Enfin, et surtout, elle rappelle que la livraison à domicile génère chaque année des recettes fiscales importante en raison de la TVA appliquée sur les services de livraison. A titre d’exemple, la TVA sur colis de 3kg (e.g. un jean et des chaussures) livré à domicile via Colissimo est de l’ordre de 2€. Tout client qui décidera de se faire livrer en magasin, plutôt qu’à domicile, pour éviter la taxe de 1€, fera donc perdre 2 € à l’Etat, sans compter la perte de chiffre d’affaires pour la Poste, opérateur du service universel.
- Un très mauvais signal donné à la modernisation du commerce de proximité
Le « numérique » est aujourd’hui entré dans les habitudes de consommation des Français. La transition numérique des commerçants représente un des enjeux majeurs de la modernisation du commerce. Plusieurs études montrent que grâce au e-commerce de nombreux commerces de proximité et artisans ont réussi à développer leur activité. La vente sur internet permet en effet à ces derniers de commercer bien au-delà de leur zone de chalandise en livrant des clients sur tout le territoire. Récemment, le Président de l’Association Centre-Ville en Mouvement, soulignait « la nécessité pour le commerce de proximité de s’adapter aux nouveaux besoins du consommateur et de devenir performant sur le terrain du e-commerce ».

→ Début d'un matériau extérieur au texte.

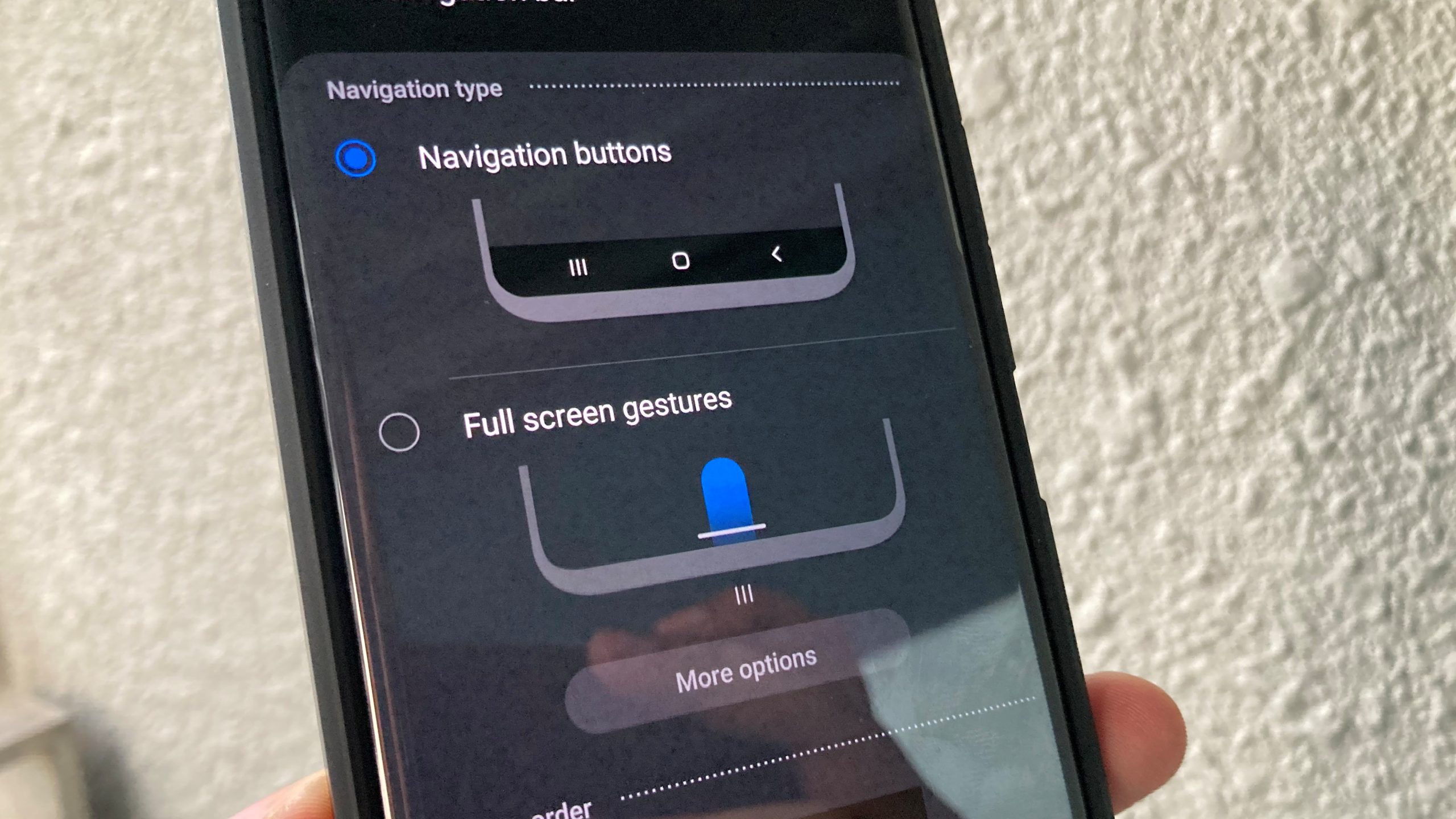 Kawalan Gestur Penuh Android 10 Kini Boleh Digunakan Pada Pelancar Pihak Ketiga Dalam OneUI 2.5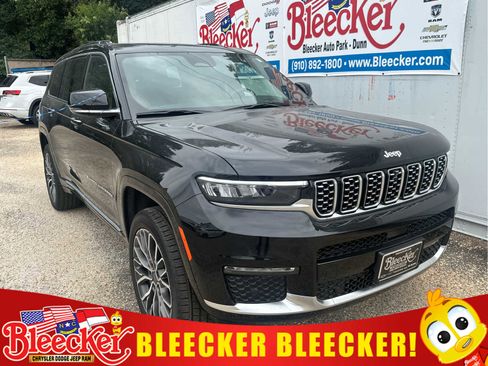 New 2025 Jeep Grand Cherokee L Summit image 1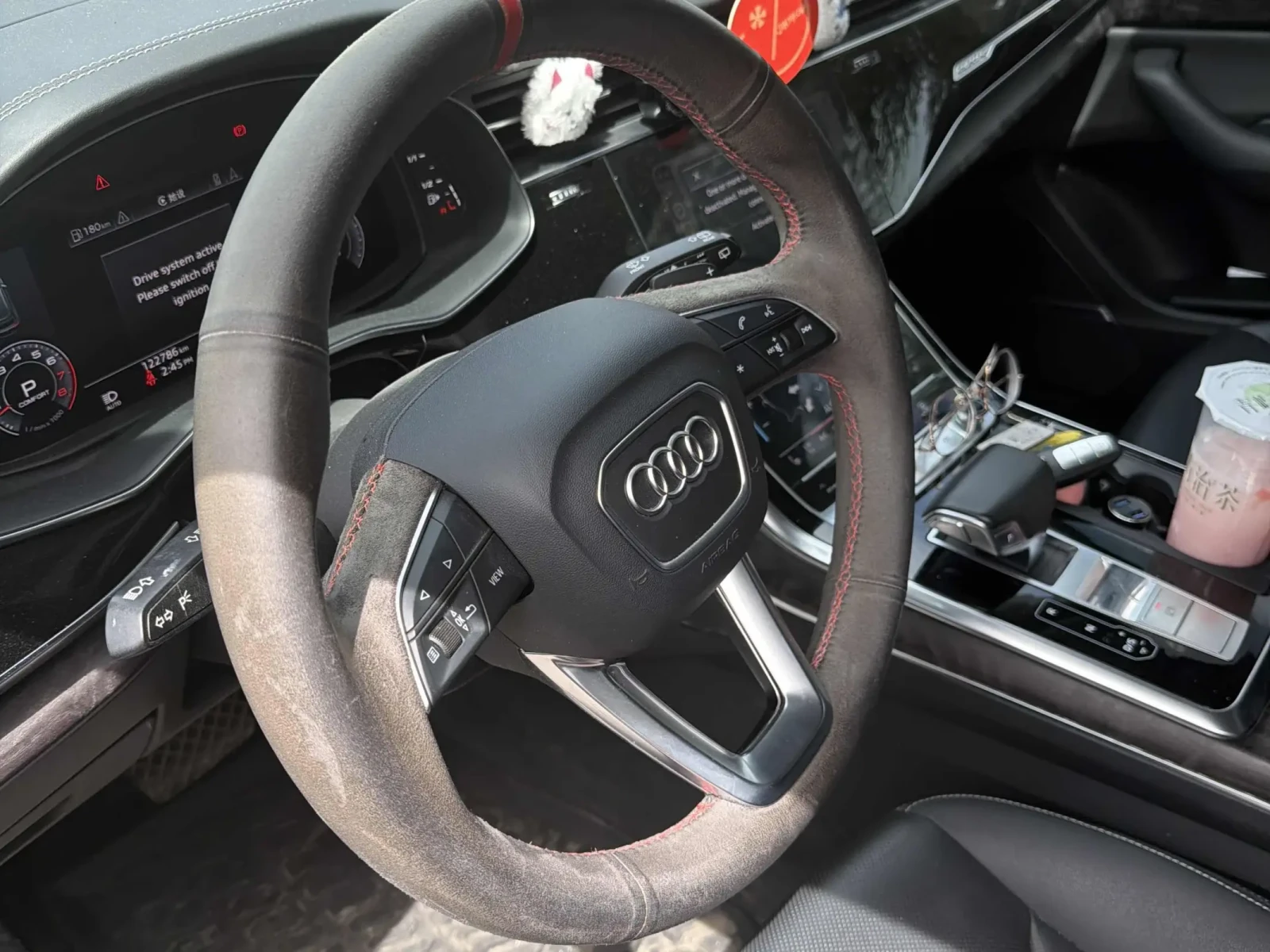 Audi Q8 55 TFSI Quattro Technik, снимка 9 - Автомобили и джипове - 54949994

Dans ce contexte, la taxe sur les achats internet relève non seulement d’une politique fiscale passéiste, visant à alléger pour mieux prélever, en additionnant sans cesse les prélèvements obligatoires, mais elle constitue également un élément de dissuasion pour les commerçants de proximité qui souhaitent développer leur activité magasin sur internet, alors même que cette transition numérique fait partie intégrante de tous les plans de revitalisation des commerces de centres-villes.
Compte tenu de ce qui précède, la FEVAD considère que la mesure proposée fondée sur une vision consistant à opposer e-commerce et commerce, ne constitue pas une réponse adaptée au défi que représente la revitalisation des centres-villes, lequel appelle des solutions d’ensemble, concertées et qui soient fondées l’inclusion des différentes formes commerce à l’évolution des modes de consommation.
La FEVAD appelle donc le gouvernement et les parlementaires à ne pas soutenir cette mesure parfaitement inadaptée et qui ferait de la France le seul pays en Europe et sans doute au monde, à taxer les consommateurs sur leurs achats en ligne.